--- Assignment ---
An exact reproduction of all the data is needed, with no images in it.

--- Data excerpt ---
━━━
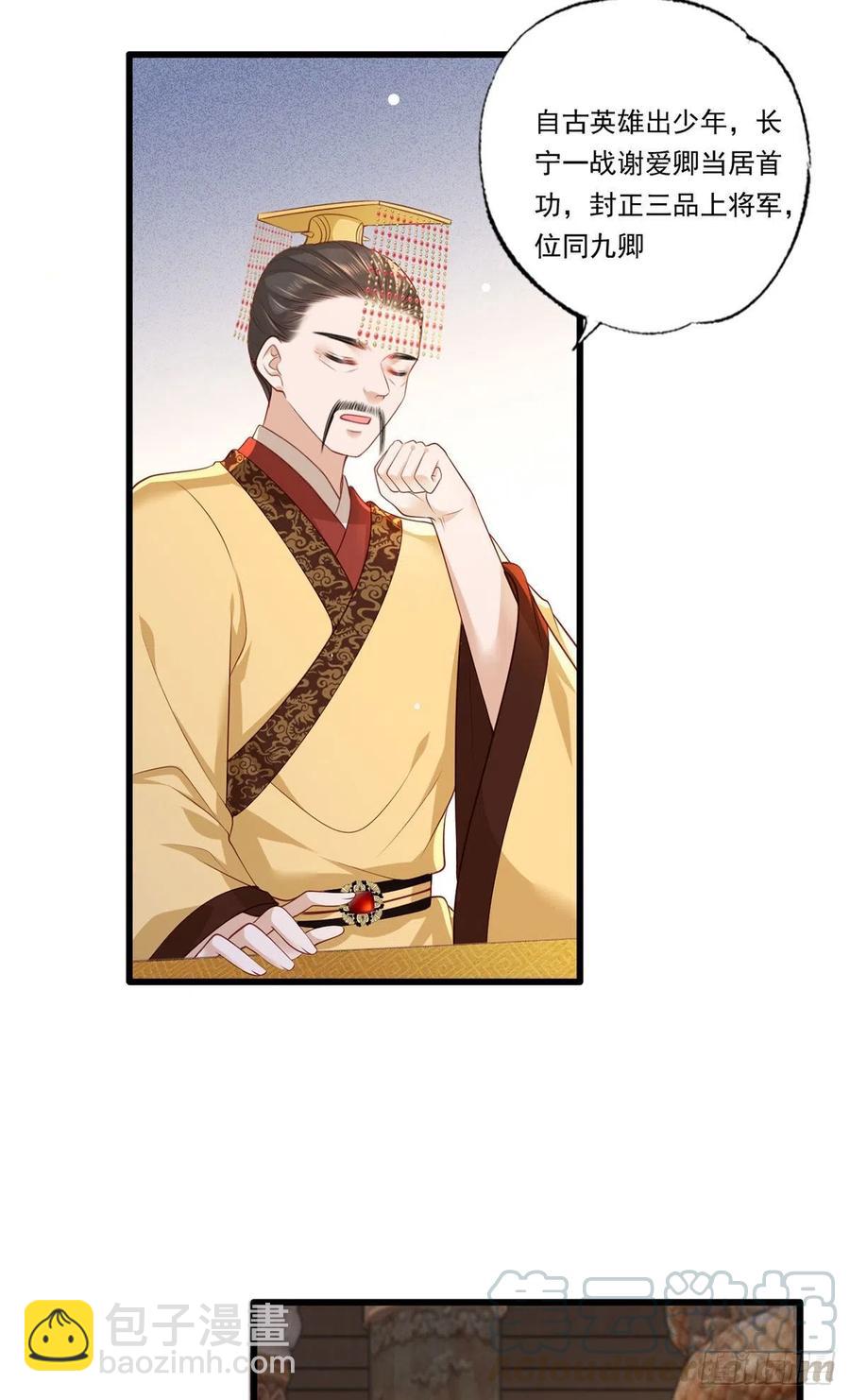 第63话 你想死，还是想活-第64话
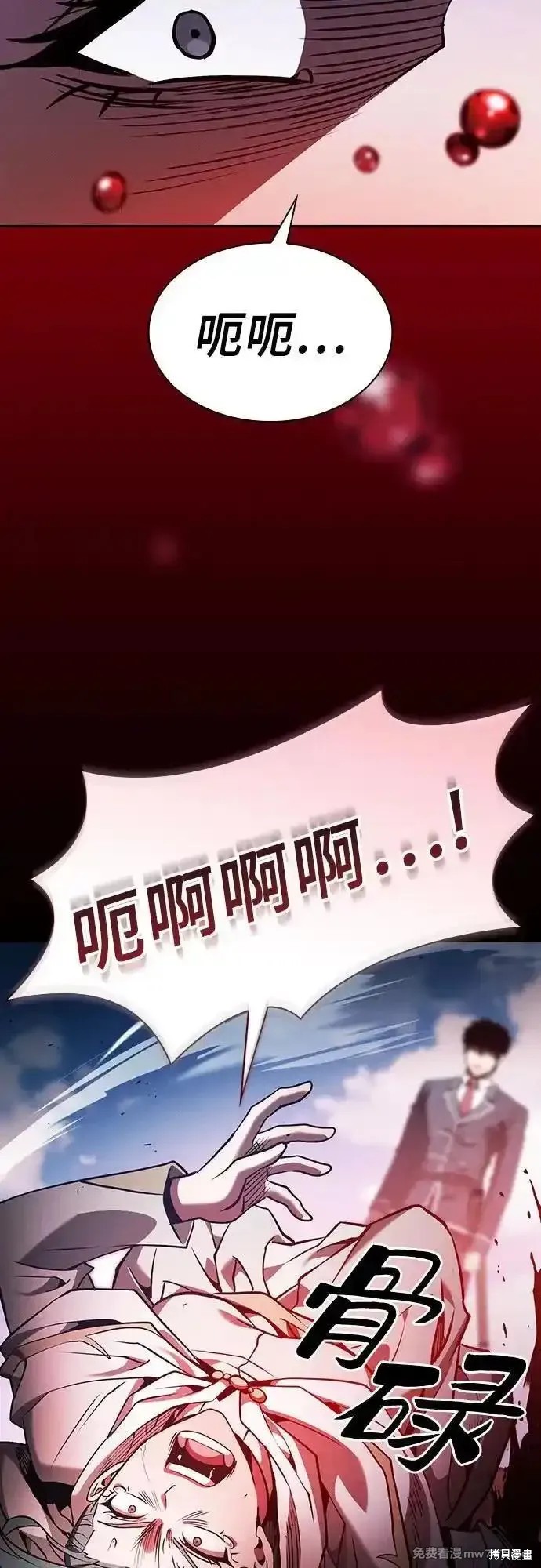 第64话 第62页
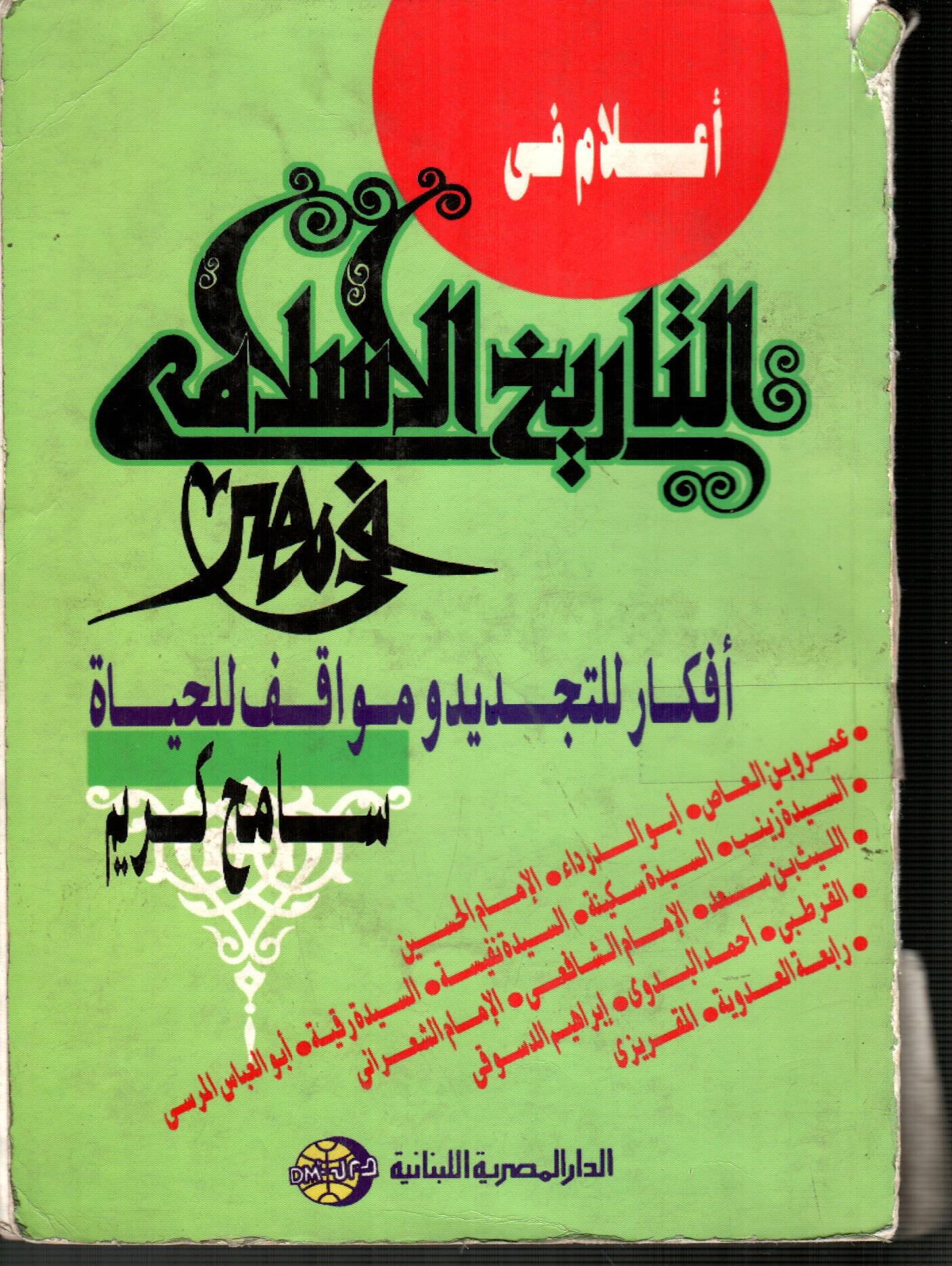 أعلام فى التاريخ الاسلامي في مصر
━━━
--- Answer space ---
 第63话 你想死，还是想活-第64话
 第64话 第62页
 أعلام فى التاريخ الاسلامي في مصر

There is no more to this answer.